» **Directions for this task**: Beginning with the line below that contains "YOU DIDN'T KNOW" and ending with the line that contains "past month! IT", retype every line exactly. Pictures are not copied.

» **Records for this exercise**:
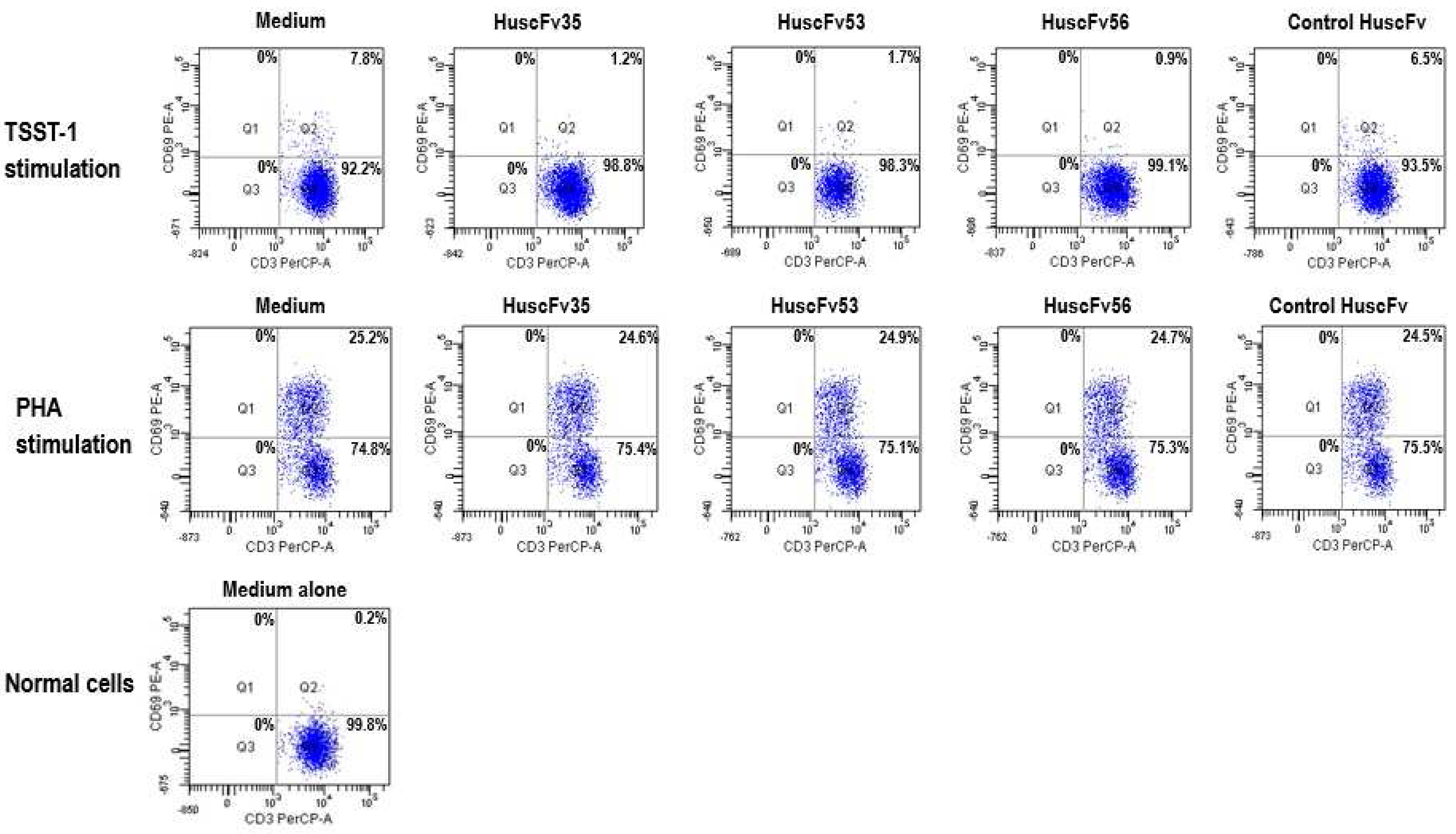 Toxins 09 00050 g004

---

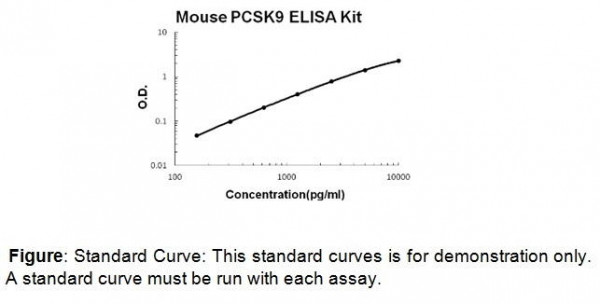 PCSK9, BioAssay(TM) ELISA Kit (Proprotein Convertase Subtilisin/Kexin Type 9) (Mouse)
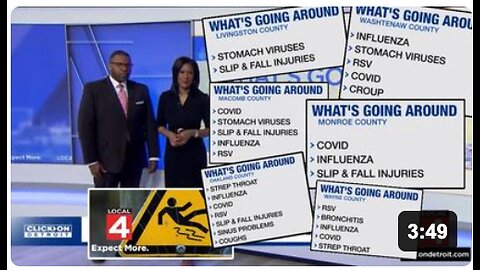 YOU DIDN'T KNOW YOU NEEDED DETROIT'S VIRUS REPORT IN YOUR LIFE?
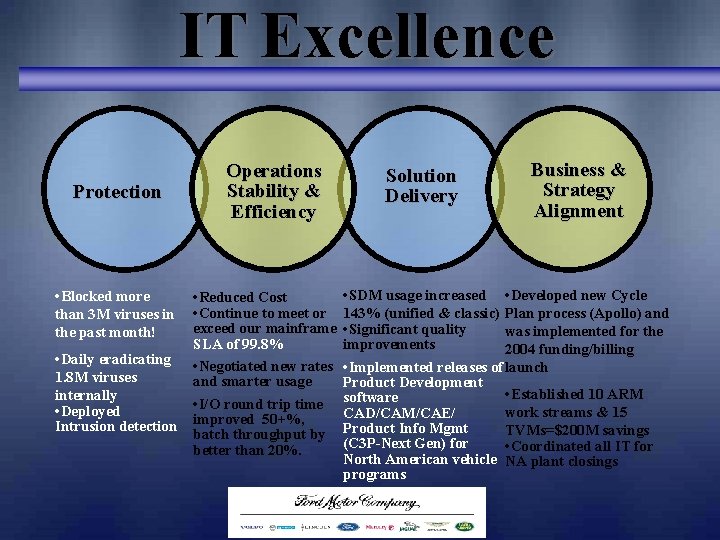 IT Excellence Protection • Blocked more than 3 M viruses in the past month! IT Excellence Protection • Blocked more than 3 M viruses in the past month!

» **Written solution**:
 YOU DIDN'T KNOW YOU NEEDED DETROIT'S VIRUS REPORT IN YOUR LIFE?
 IT Excellence Protection • Blocked more than 3 M viruses in the past month! IT Excellence Protection • Blocked more than 3 M viruses in the past month!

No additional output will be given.